Can you please explain this hunk a little an add a comment. I'm not a specialist on base64 but https://en.wikipedia.org/wiki/Base64#Output_padding suggests that there is padding with = or ==. If excess ==3 you'd add ===. Is this intended?
Just a thought: Perhaps it would be easier to remove = which are not at the end in one line:
let sanitize = buffer.replace(/[^A-Za-z0-9+\/=]/g,'');
sanitize = sanitize.replace(/=/([A-Za-z0-9+\/]/)/g, '$1');
Untested!!
Or rather:
sanitize = sanitize.replace(/[=]+/([A-Za-z0-9+\/]/)/g, '$1');
(In reply to Jorg K (GMT+2) from comment #15)

> ::: mailnews/mime/jsmime/jsmime.js
> @@ +66,5 @@
> > +    if (more)
> > +      buffer = sanitize.slice(-excess);
> > +    else
> > +      for (var i = 0; i < excess; i++)
> > +        sanitize += '=';

I only changed the structure to avoid a second "buffer = '';".
New is only the padding when 'excess' and '!more'

> Can you please explain this hunk a little an add a comment. I'm not a
> specialist on base64 but https://en.wikipedia.org/wiki/Base64#Output_padding
> suggests that there is padding with = or ==. If excess ==3 you'd add ===. Is
> this intended?

Somehow. The length of the Base64 string should always be mod(4)=0.
In a regular term, 3*'=' does not occur.

Base64('a')    => 'YQ=='
Base64('ab')   => 'YWI='
Base64('abc')  => 'YWJj'
Base64('abcd') => 'YWJjZA=='

If we want to work with irregular terms, three are also 3*'=' possible.

(In reply to Jorg K (GMT+2) from comment #16)
> Just a thought: Perhaps it would be easier to remove = which are not at the
> end in one line:

We would still have to correct the length. So no benefit. So that does not offer any advantage.
(In reply to Alfred Peters from comment #18)

> Base64('abcd') => 'YWJjZA=='
> 
> If we want to work with irregular terms, three are also 3*'=' possible.

Bad news: atob("YWJjZ"); throws an exception, no matter how many '=' I add.

Could we cut the last character when length is mod(4)=1?
Or add an 'A' (=0)?
(In reply to Alfred Peters from comment #19)
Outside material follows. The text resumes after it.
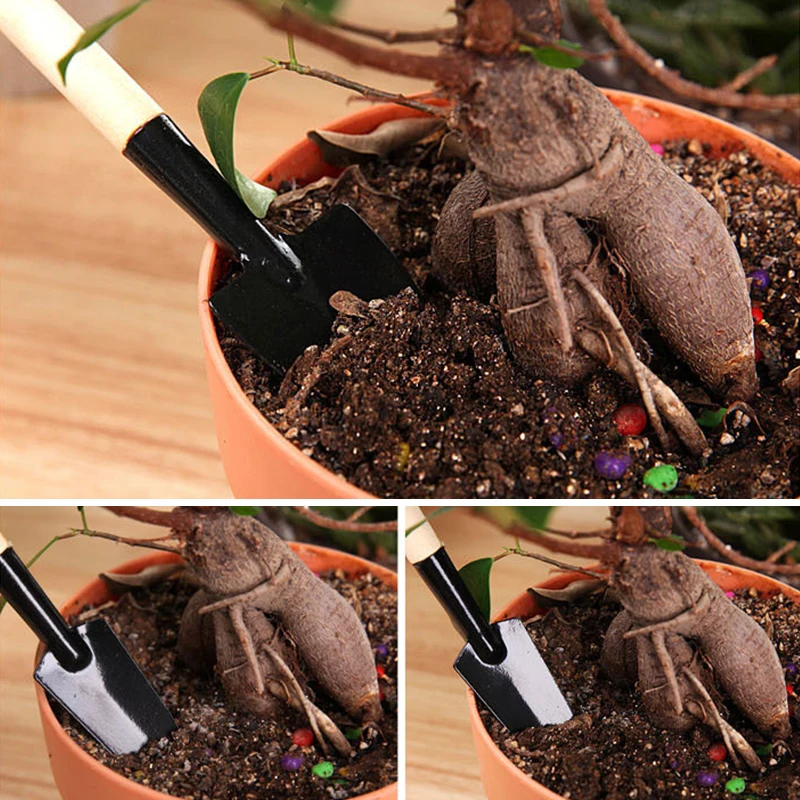 

3 Pcs/set Mini Spade Shovel Harrow Flowerpot Tools Potted Plants Maintenance Wooden Handle Plant Soil Shovels Gardening Tools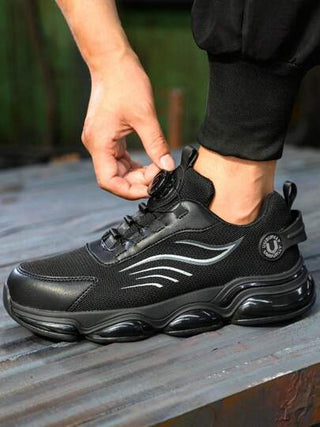 UMBURLLY أحذية عمل رجالية ذات رؤوس من الصلب، مقاومة للكسر والثقب، تنفس جيد، مناسبة لجميع الفصول، أحذية عمل كاجوال بأزرار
> Bad news: atob("YWJjZ"); throws an exception, no matter how many '=' I add.
> 
> Could we cut the last character when length is mod(4)=1?
> Or add an 'A' (=0)?

On a first thought, filling up with 0-bits would make sense. But a broken term is a broken term and we only would increase trash data.

So cutting of the last char would, in my opinion, make the most sense.
(In reply to Alfred Peters from comment #20)
> So cutting of the last char would, in my opinion, make the most sense.
Agreed. So the aim is to sanitise the base64 string so much that the atob() won't fail, right? We don't want a try/catch and simply return "bad input"?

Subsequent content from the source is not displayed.